Castle Ellis Bridge, Gowran, Co. Kilkenny
Co. Kilkenny |
Bridges & Crossings
A low, three-arched limestone bridge crossing a quiet tributary of the River Barrow southwest of Gowran is older than it looks, and possibly older than anyone can say with certainty.
The structure carries the name of the townland immediately to its west, Castle Ellis, and sits in a stretch of County Kilkenny where the Barrow and its feeders have shaped movement through the landscape for centuries.
The bridge appears on a map of Gowran drawn by White in 1710 or 1711, labelled there as the 'Long Bridg', which suggests it was already a recognised crossing of some standing at that date. Its construction is limestone rubble, roughly coursed, with squared voussoirs, the wedge-shaped stones that form an arch and lock it in compression, visible on the western face.
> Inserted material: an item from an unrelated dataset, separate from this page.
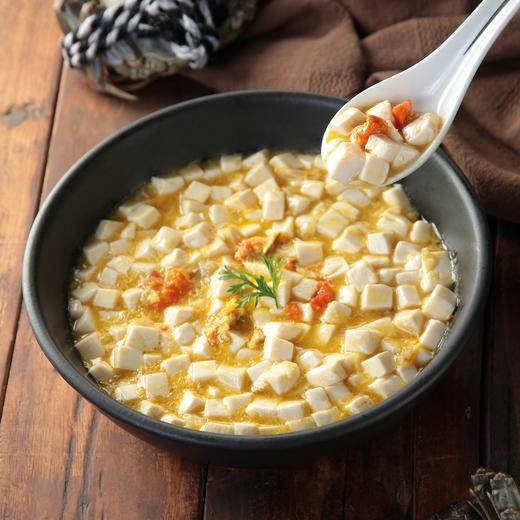 水沙涟涵碧臻选中式套餐 商品图2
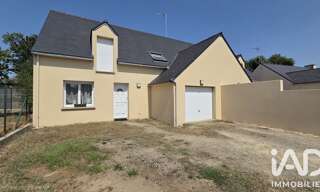 Maison 4 Pièces 84 m² à vendre à Questembert (56230)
Two cutwaters project from the piers on either side, angled to split the current and protect the stonework from the force of the river. The parapet runs to about a metre in height and has been capped at some point with concrete of a rounded profile, a modest later intervention that sits above the older stonework. Elongated approach walls, stone-capped, extend the structure on both sides. There is a possibility that fabric dating to the seventeenth century survives within the bridge, and that what exists today represents an earlier, narrower crossing that was widened at some later stage, though the precise history of that widening is not documented.